L'avancée diplomatique était attendue mais a pris les observateurs de court : "Personne ne s'attendait à une rencontre au sommet aussi tôt. Les rumeurs ont commencé à circuler samedi sur les réseaux sociaux. Sur Twitter, la photo d'une banderole dans la capitale érythréenne sur laquelle était inscrite "bienvenue cher frère Abiy Ahmed" a alerté les observateurs. Une nouvelle confirmée ce matin lorsque le premier ministre éthiopien a atteri à Asmara. Si de nombreux Éthiopiens ont appris la nouvelle au réveil, de l'autre côté de la frontière c'était l'effervescence : des milliers d'Érythréens étaient présents dans les rues de la capitale pour accueillir le convoi d'Abiy Ahmed." raconte notre correspondante en Éthiopie Emeline Wuilbercq.
Les dirigeants des deux pays se prenant chaleureusement dans les bras à l'aéroport d'Asmara : une image encore inimaginable il y a quelques semaines.
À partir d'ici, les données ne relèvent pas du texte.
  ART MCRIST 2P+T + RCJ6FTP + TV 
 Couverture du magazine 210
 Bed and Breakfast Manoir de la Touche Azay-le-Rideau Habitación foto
Car le conflit a des racines profondes : en 1961, le Front de libération de l'Érythrée lance une guerre d'indépendance qui durera 30 ans et débouchera sur la reconnaissance de l'État érythréen en 1993.
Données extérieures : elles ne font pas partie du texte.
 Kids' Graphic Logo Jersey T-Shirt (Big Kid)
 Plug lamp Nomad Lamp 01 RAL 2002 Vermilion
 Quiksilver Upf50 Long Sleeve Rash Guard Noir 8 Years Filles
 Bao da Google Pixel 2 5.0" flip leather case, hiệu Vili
Avec cette indépendance, l'Ethiopie perd ainsi sa seule façade maritime. Les tensions restent vives entre les deux voisins, jusqu'à ce qu'éclate un nouveau litige, frontalier, en 1998. Il se cristallisera autour de la localité de Badme : avant que l'accord de paix d'Alger n'intervienne deux ans plus tard, les combats auront déjà fait quelque 80.000 morts. En 2002, une commission de l'ONU définit un nouveau tracé de la frontière et place Badme sous le giron d'Asmara. L'Éthiopie refuse et occupe les lieux, encore aujourd'hui.
Addis Abbeba s'est engagé à appliquer cet accord d'Alger le 6 juin dernier. Mais avec ce réchauffement diplomatique, viennent également des questions, notamment celle de la démilitarisation de la zone frontière qu'il faudra désormais trancher.